Special episode of Detective Conan

The 95th tankōbon of Case Closed released by Viz Media on July 8, 2025 where the final 2 chapters of the arc are encapsulated

The Scarlet School Trip (紅の修学旅行, Kurenai no Shūgakuryokō) is the 290th story arc of the Japanese manga series Case Closed, known as Great Detective Conan, officially translated as Detective Conan (名探偵コナン, Meitantei Conan) in Japan. The arc was published in Shogakukan's Weekly Shōnen Sunday magazine between August and September 2017 in issues 37 to 44 and consisted of 6 chapters. The individual chapters were then collected into tankōbon volumes 94 and 95 which were released in Japan on December 18, 2017 and October 18, 2018 respectively. The majority were encapsulated into the 94th volume which became the 14th best selling manga in the first half of 2018.

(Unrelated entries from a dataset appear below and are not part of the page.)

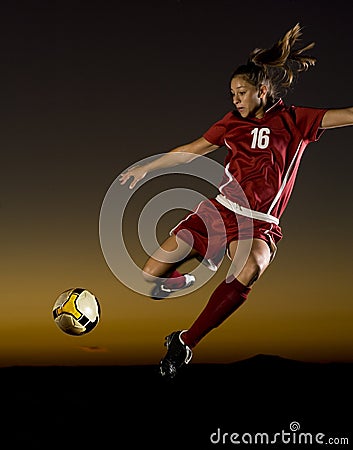 Female Soccer Player About to Kick the Ball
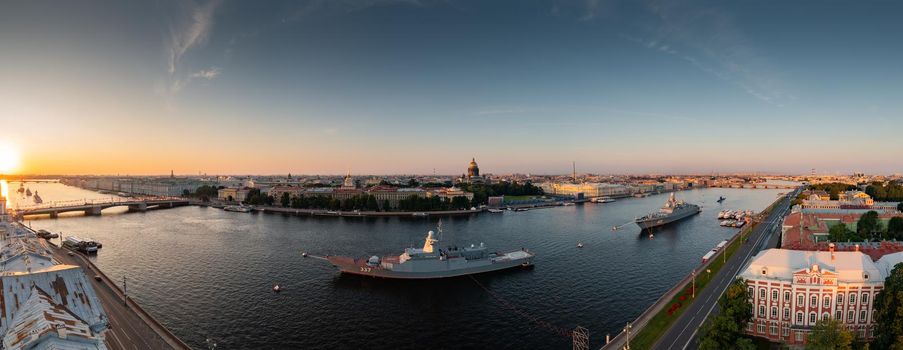 Aerial panoramic landscape of warships in the waters of the Neva River before the holiday of the Russian Navy, sea power, the latest cruisers among the sights, Isaac cathedral on a background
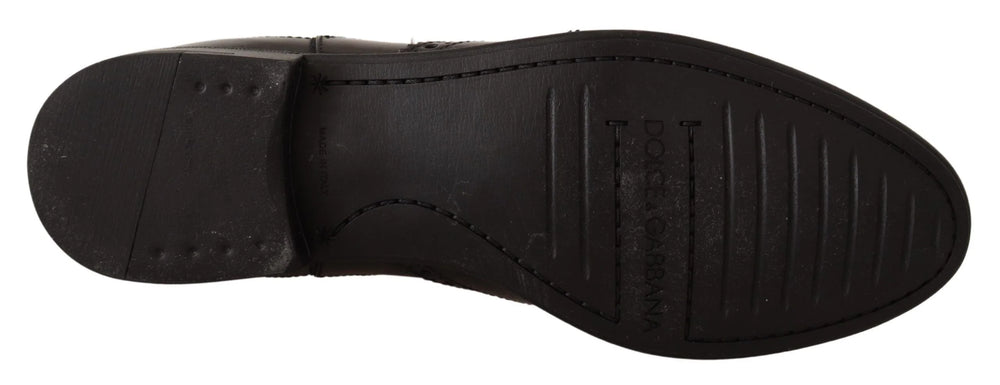 Close-up of the premium black leather texture and tonal stitching on these luxury Dolce & Gabbana ankle boots.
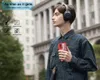 A young man wearing headphones is walking outdoors, holding a red phone case. Produktbild-Vorschau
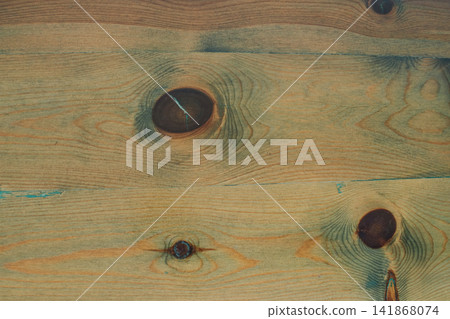 Horizontal wooden plank texture background with natural pine grain and distinct dark knots for rustic interior design backdrop and vintage timber surface concept Horizontal wooden plank texture background with natural pine grain and distinct dark knots for rustic interior design backdrop and vintage timber surface concept 141868074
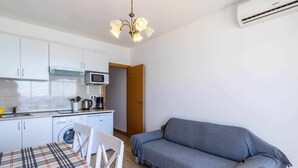 Une cuisine compacte avec des meubles blancs, un four à micro-ondes, un lave-linge et un coin repas agrémenté d’une nappe à carreaux.
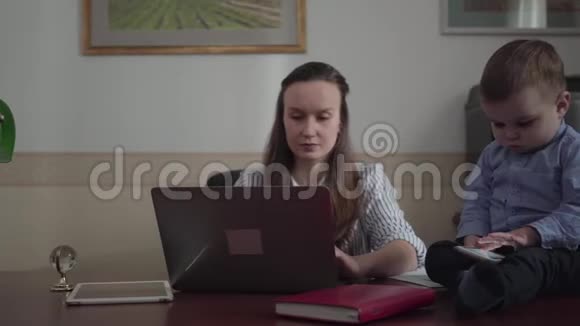 肖像美丽的母亲女商人在办公室桌上工作手提电脑和可爱的小男孩坐在桌子上视频的预览图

The Case Closed anime adapted the arc into episodes 927–928 and was broadcast on Nippon Television Network System between January 5, 2019 and January 12, 2019. The 2 episodes were among the top 3 watched weekly anime during its run. The arc follows Shinichi Kudo as he is involved several murder cases on his school field trip. In the beginning of the series, Shinichi was poisoned and turned into a child. Since then, he had been using the identity Conan Edogawa whilst keeping his true identity a secret.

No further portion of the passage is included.